One of the major benefits of owning an Android smartphone or tablet is the ability to install a custom software keyboard on the device. While the stock phone keyboards can oftentimes be really good, there are lots of features available through custom software keyboards — features that range from the ability to swipe words instead of type to those with large buttons to those that learn your typing styles more efficiently — that make the device easier to use for you as an individual based on your preferences.
If you have never installed a custom software keyboard on an Android device before, don’t fret. The process is very easy. Here’s how to do it.
You can do this by conducting a quick search in the Google Play store for “Keyboard”. Once you do that, you’ll see a number of results pop up — including options that will cost you money — that you can try.

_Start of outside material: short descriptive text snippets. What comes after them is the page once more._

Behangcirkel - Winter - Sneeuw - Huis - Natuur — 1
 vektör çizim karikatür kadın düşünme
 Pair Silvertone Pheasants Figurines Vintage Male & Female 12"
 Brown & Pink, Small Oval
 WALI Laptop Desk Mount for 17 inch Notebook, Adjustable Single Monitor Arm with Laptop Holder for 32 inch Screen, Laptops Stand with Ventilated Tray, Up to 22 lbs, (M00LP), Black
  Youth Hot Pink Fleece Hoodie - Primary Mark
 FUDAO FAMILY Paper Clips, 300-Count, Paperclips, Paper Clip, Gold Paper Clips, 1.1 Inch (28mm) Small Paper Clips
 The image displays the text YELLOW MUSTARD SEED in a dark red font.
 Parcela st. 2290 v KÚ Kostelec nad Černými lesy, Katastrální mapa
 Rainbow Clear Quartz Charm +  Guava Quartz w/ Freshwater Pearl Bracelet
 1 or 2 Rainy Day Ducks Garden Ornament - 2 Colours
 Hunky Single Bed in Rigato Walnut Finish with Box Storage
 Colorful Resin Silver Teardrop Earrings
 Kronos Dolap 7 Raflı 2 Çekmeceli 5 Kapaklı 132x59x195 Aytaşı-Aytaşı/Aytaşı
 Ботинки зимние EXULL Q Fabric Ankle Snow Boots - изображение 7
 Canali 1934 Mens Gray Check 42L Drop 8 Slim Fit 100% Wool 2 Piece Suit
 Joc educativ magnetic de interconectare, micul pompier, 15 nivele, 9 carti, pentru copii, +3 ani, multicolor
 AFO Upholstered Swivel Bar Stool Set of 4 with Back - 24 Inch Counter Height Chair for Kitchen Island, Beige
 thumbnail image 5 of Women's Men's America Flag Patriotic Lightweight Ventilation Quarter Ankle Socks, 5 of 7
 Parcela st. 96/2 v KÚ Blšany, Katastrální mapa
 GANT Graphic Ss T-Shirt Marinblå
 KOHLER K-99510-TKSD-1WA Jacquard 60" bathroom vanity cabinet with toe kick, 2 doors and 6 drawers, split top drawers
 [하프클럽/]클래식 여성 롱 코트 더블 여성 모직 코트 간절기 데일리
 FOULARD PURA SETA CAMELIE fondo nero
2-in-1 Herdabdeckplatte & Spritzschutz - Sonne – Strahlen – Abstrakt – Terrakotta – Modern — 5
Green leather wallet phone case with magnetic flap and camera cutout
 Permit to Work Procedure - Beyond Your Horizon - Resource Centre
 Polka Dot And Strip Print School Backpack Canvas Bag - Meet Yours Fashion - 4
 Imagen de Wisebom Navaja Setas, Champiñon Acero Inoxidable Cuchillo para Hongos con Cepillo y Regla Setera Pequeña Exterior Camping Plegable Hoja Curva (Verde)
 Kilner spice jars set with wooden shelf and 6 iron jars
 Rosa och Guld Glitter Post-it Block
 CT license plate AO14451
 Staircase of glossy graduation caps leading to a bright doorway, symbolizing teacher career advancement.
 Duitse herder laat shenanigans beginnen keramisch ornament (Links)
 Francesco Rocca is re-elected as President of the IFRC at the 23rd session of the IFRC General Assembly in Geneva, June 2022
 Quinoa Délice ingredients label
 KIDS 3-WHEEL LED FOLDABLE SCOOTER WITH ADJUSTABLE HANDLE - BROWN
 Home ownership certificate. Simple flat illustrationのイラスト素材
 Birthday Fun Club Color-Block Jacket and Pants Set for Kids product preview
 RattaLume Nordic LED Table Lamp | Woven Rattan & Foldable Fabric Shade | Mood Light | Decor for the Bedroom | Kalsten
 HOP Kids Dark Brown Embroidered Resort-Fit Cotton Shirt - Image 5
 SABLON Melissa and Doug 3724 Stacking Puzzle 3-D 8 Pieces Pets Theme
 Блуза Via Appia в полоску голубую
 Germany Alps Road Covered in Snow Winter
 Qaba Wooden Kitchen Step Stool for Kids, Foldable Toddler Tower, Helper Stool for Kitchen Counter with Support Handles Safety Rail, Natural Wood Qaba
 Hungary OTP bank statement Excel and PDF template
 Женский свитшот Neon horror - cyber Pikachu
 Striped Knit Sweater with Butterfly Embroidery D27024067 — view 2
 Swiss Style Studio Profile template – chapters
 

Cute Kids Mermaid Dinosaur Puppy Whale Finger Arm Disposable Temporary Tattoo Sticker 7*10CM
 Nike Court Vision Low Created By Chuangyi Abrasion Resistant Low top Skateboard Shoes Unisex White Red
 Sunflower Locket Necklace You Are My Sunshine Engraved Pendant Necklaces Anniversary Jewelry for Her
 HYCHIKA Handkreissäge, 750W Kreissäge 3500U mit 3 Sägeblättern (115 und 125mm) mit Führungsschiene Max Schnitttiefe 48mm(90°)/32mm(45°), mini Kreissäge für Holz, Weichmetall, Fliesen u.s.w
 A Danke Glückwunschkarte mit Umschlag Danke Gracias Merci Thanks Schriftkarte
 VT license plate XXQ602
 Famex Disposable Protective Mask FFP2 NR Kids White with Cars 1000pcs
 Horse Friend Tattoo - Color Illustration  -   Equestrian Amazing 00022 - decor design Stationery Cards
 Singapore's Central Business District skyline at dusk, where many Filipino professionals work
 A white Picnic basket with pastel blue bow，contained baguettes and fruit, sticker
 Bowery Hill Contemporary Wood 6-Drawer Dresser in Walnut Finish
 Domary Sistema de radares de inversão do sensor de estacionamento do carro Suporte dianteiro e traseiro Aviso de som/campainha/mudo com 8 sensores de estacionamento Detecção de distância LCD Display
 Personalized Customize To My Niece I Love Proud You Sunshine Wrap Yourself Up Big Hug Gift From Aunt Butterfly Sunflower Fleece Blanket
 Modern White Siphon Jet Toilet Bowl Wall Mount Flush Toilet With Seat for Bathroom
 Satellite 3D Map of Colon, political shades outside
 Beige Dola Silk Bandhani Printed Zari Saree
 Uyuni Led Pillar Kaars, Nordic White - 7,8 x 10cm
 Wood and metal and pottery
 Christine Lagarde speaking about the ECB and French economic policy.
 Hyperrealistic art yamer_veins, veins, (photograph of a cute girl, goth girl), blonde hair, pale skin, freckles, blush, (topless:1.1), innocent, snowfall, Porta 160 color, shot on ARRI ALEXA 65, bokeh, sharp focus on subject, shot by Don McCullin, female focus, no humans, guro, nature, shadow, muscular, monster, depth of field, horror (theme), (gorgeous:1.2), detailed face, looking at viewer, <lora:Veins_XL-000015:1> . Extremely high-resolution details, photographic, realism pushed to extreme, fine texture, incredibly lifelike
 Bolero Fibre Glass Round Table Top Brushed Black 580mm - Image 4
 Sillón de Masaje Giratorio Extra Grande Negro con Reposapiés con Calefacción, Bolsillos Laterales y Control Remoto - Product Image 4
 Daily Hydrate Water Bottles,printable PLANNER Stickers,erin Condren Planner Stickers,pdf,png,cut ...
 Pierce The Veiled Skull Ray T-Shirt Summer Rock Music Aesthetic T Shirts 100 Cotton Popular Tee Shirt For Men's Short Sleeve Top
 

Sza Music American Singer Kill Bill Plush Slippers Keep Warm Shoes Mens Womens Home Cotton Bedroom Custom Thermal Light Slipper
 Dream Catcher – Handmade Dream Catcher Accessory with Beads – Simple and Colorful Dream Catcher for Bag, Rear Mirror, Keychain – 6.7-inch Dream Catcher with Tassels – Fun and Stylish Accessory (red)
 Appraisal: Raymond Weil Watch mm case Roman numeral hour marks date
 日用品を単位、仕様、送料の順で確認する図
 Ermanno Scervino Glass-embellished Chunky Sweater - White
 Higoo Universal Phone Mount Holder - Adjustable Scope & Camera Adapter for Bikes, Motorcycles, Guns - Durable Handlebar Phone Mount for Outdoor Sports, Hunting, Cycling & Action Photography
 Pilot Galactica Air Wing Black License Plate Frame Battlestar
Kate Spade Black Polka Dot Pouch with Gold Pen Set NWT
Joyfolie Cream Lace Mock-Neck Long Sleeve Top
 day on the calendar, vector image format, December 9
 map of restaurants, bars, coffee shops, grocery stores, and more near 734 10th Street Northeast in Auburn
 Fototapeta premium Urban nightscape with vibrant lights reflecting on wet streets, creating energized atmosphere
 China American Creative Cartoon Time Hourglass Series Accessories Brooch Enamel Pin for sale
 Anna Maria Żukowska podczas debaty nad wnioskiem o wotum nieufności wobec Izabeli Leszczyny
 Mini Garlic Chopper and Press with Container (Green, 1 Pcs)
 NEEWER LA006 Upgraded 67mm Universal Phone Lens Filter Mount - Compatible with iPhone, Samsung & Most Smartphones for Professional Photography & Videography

The nice thing about these keyboards is they are easy to install so you can try many before you stick with one. This is especially important with the keyboards that have a paid option. Always try the free version before paying to make sure the keyboard will fit your typing style.
When looking through the search results, be sure to read reviews, app descriptions and — perhaps most importantly — look at the screenshots to see if the app looks like something that will work for you.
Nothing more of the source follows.